Repeat each entry exactly and drop the pictures.

Data records:
Start of Block

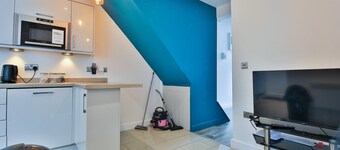 Modern 3-Bed House with Courtyard, Treforest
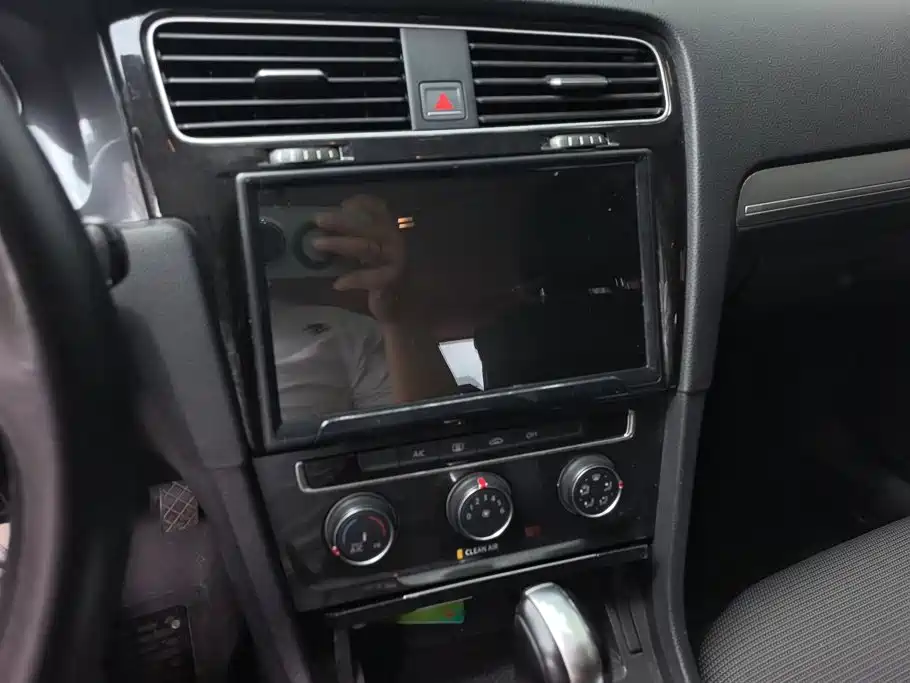 Volkswagen Golf — миниатюра 13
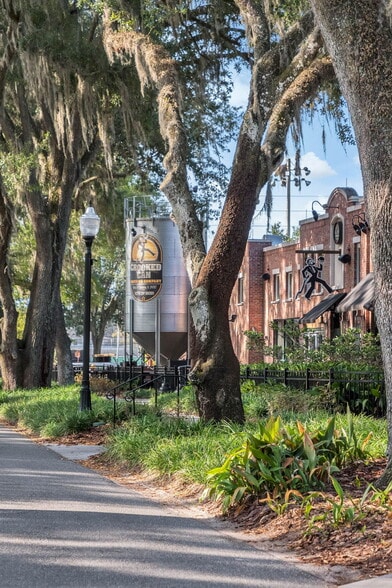 More Photos Of 557 W Plant St, Winter Garden Office For Sale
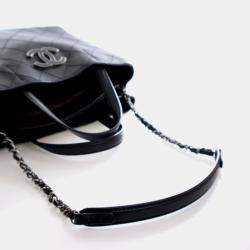 Pre Owned Chanel Small Caviar Hampton Tote Bag
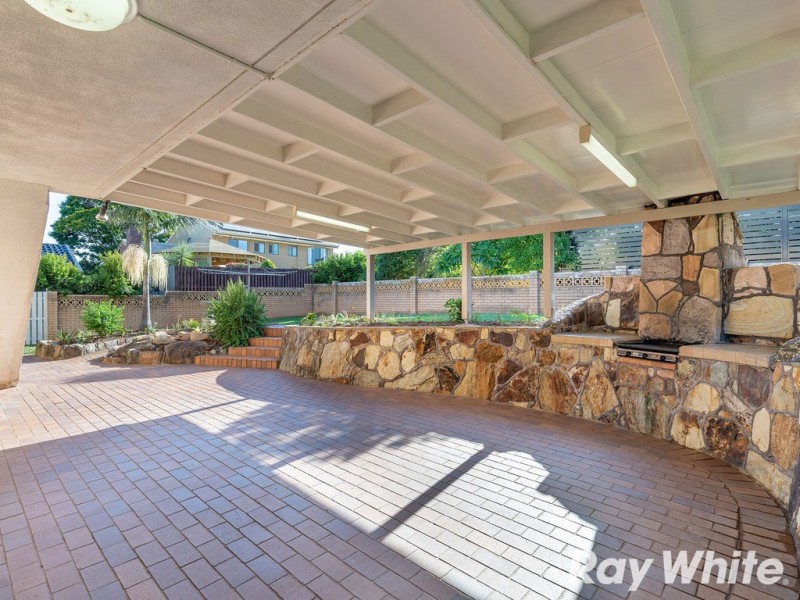 3 Dimboola Street, Bridgeman Downs QLD 4035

End of Block

Solved exercise:
 Modern 3-Bed House with Courtyard, Treforest
 Volkswagen Golf — миниатюра 13
 More Photos Of 557 W Plant St, Winter Garden Office For Sale
 Pre Owned Chanel Small Caviar Hampton Tote Bag
 3 Dimboola Street, Bridgeman Downs QLD 4035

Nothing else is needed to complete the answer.